Beaucoup des mesures envisagées sont de nature à faire exploser l’orthodoxie budgétaire indissociable de la monnaie unique.

Un dernier aspect donne plus que des sueurs froides à Bruxelles : les deux forces se sont prononcées en faveur de la levée des sanctions contre la Russie (ces sanctions de l’UE doivent être renouvelées tous les six mois… à l’unanimité des Etats membres).

Le président de la République, qui détient constitutionnellement le pouvoir de nommer le chef du gouvernement, a averti qu’il était le garant des équilibres financiers et des «engagements internationaux» du pays, au premier rang desquels l’appartenance à l’Union européenne et la discipline que cela implique. Le très pro-européen Sergio Mattarella a donc fait savoir qu’il veillerait au grain.

La perspective – encore à confirmer – d’un gouvernement dit «anti-système» constitue en elle-même une première en Europe

Si les marchés financiers ont commencé à s’agiter, il serait certainement prématuré de prédire que le futur gouvernement italien va faire un bras d’honneur à Bruxelles. D’autant que le chef du M5S, en particulier dans la dernière ligne droite de la campagne, avait tenu à se déclarer pro-UE, vantant même à cet égard les choix d’Emmanuel Macron.
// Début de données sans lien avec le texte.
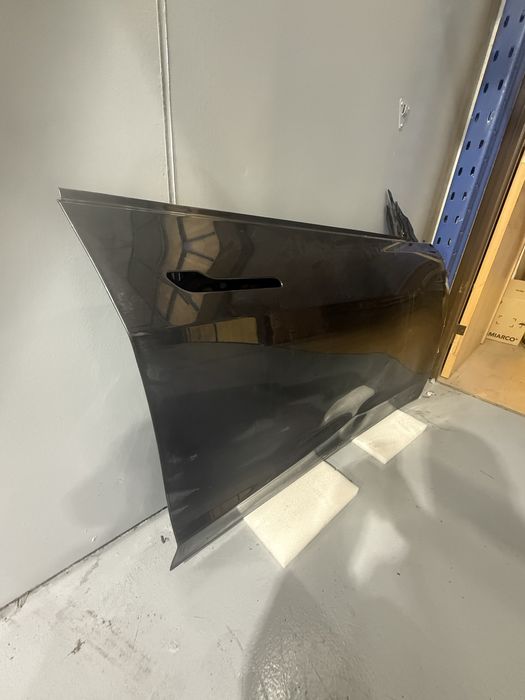 Porta Tesla Model 3 2025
Il faut également rappeler que son mentor, Beppe Grillo, avait tenté, il y a deux ans, un rapprochement tactique au sein du Parlement européen avec le groupe de l’euro-fanatique et fédéraliste Guy Verhostadt.
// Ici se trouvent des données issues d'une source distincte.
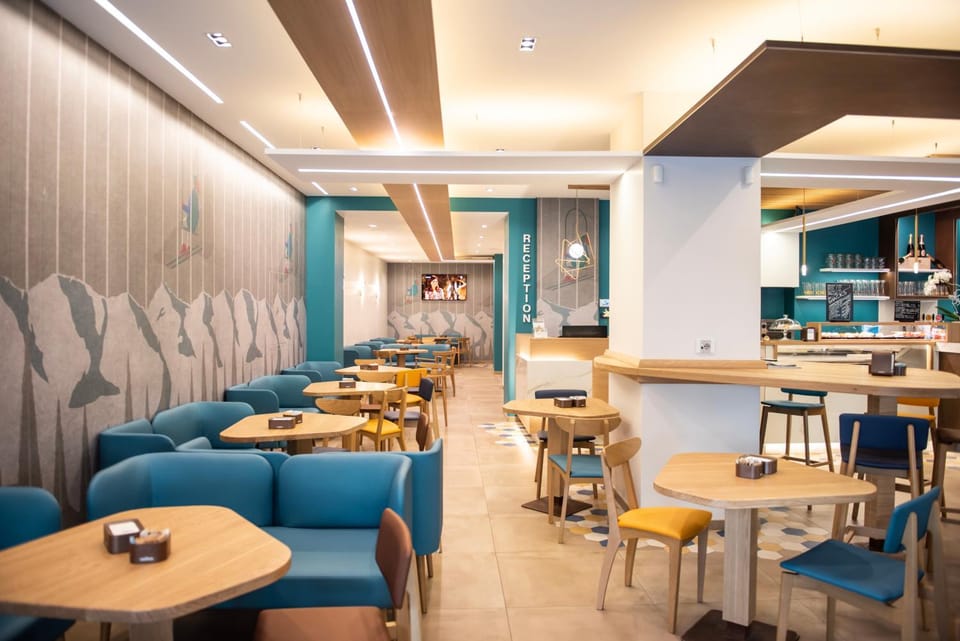 Lounge or bar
La Ligue, pour sa part, s’est placée résolument dans le camp dit «eurosceptique». Mais sa proximité avec le Front national français, lui-même en plein recentrage «euroconstructif», donne une idée de la capacité de la machine européenne à «assagir», domestiquer, voire retourner ses opposants d’apparence radicale.
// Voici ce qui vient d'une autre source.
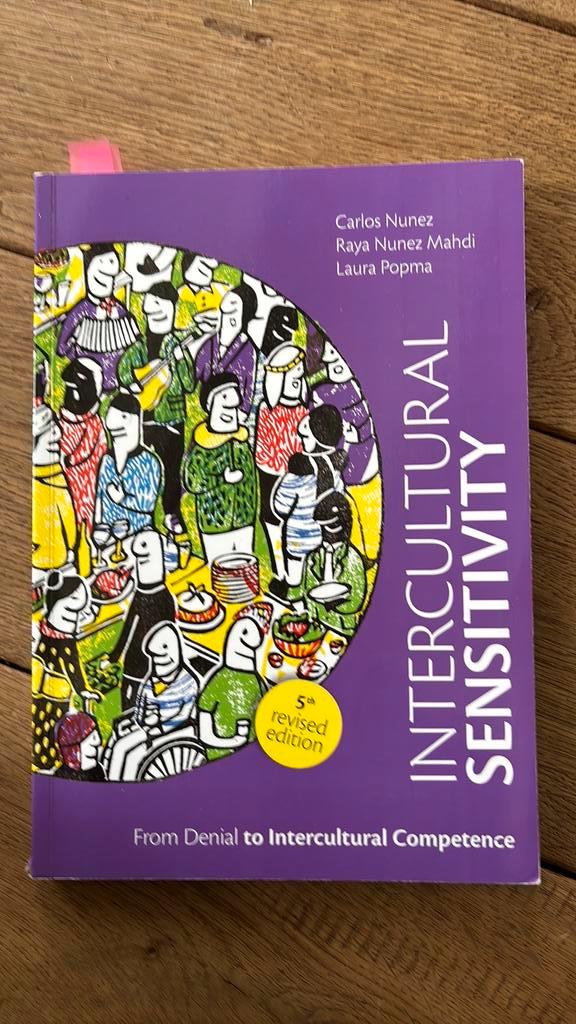 C. Nunez - Intercultural Sensitivity, Boeken, Wetenschap, Zo goed als nieuw, Ophalen of Verzenden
Pour autant, la perspective – encore à confirmer – d’un gouvernement dit «anti-système» constitue en elle-même une première en Europe. Au-delà des possibles retournements des dirigeants politiques, elle reflète un fait de portée considérable : l’accélération du rejet de l’intégration européenne par les peuples aux quatre coins du continent, comme en témoignent toutes les récentes élections (Pays-Bas, Allemagne, Autriche, République tchèque, Hongrie, et probablement Suède en septembre), sans évidement oublier le Brexit.

Les dirigeants européens n’en sont peut-être qu’au début de leurs pires cauchemars. En attendant, ce 9 mai, ce n’était plus la fête de l’Europe mais plutôt, selon le vocabulaire insoumis, la Fête… à l’Europe.